• _SOURCE DATA_:
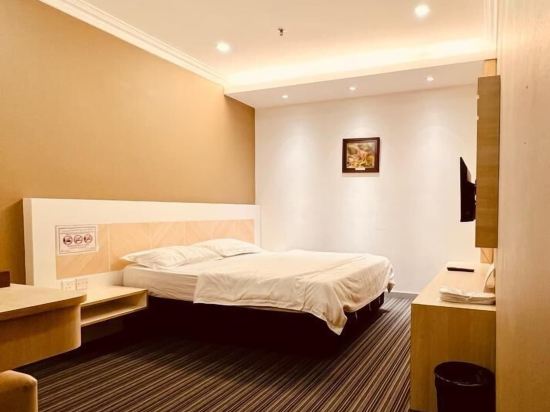 Nest Dayrooms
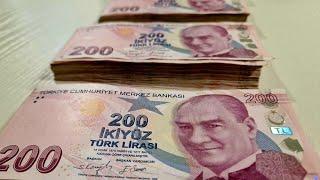 100,000 Turkish lira TRY Counting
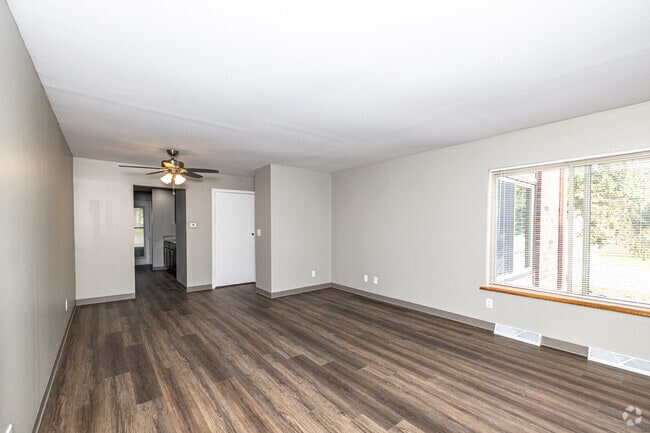 2BR, 2BA - 1,000SF - Living Room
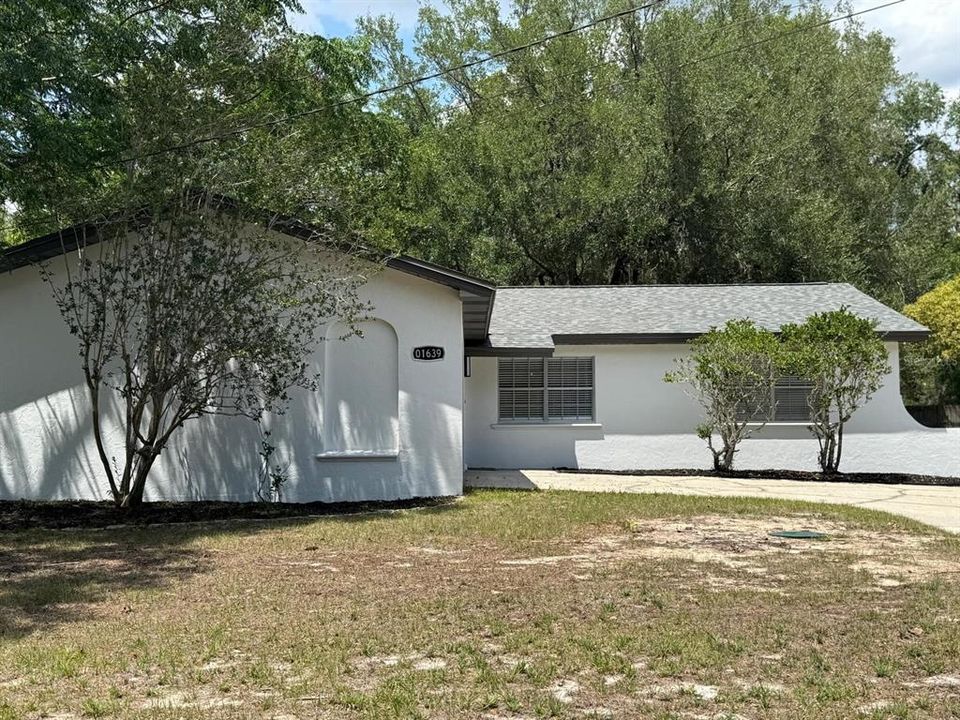 For Sale: $298,000 (3 beds, 2 baths, 1455 Square Feet)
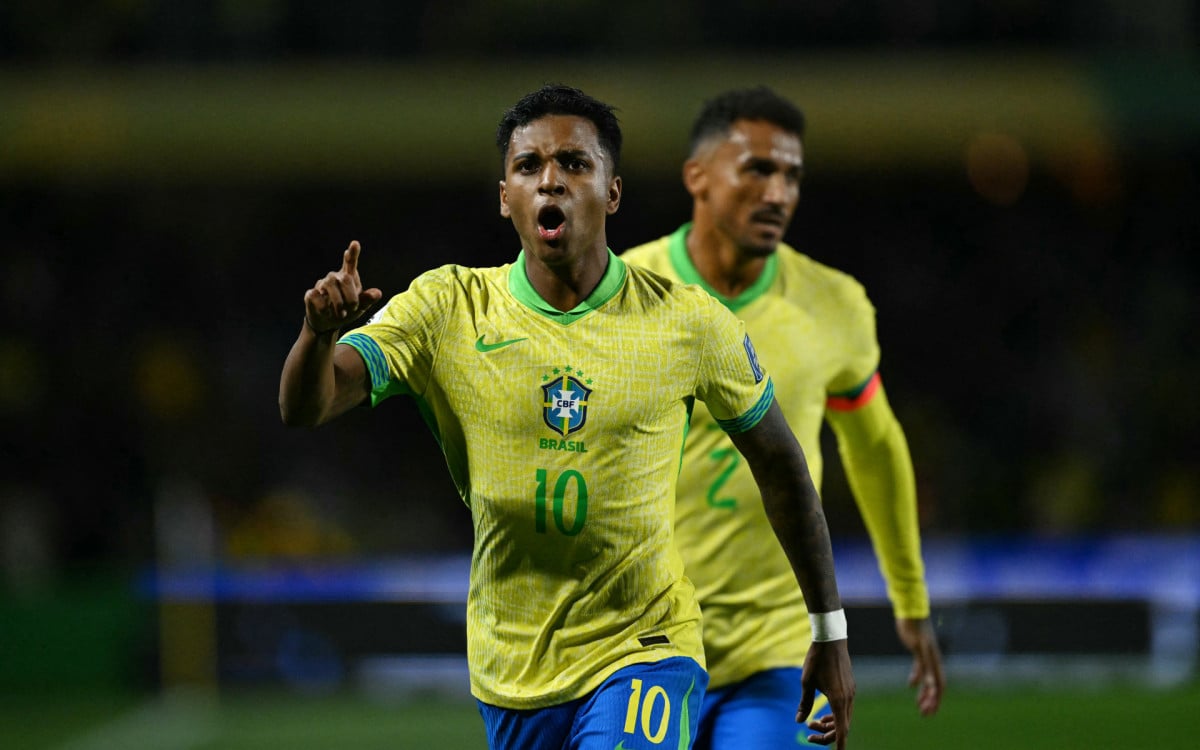 Brazil's forward controls the ball during the 2026 FIFA World Cup South American qualifiers football match between Brazil and Ecuador, at the Major Antônio Couto Pereira stadium in Curitiba, Brazil, on September 6, 2024.
Mauro PIMENTEL / AFP - Mauro PIMENTEL / AFP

• _PROBLEM DESCRIPTION_:
Pictures should be omitted. Please return exactly the lines from the line that holds "For Sale: $298,000" through the end of the records.

• _SOLVED EXERCISE_:
 For Sale: $298,000 (3 beds, 2 baths, 1455 Square Feet)
 Brazil's forward controls the ball during the 2026 FIFA World Cup South American qualifiers football match between Brazil and Ecuador, at the Major Antônio Couto Pereira stadium in Curitiba, Brazil, on September 6, 2024.
Mauro PIMENTEL / AFP - Mauro PIMENTEL / AFP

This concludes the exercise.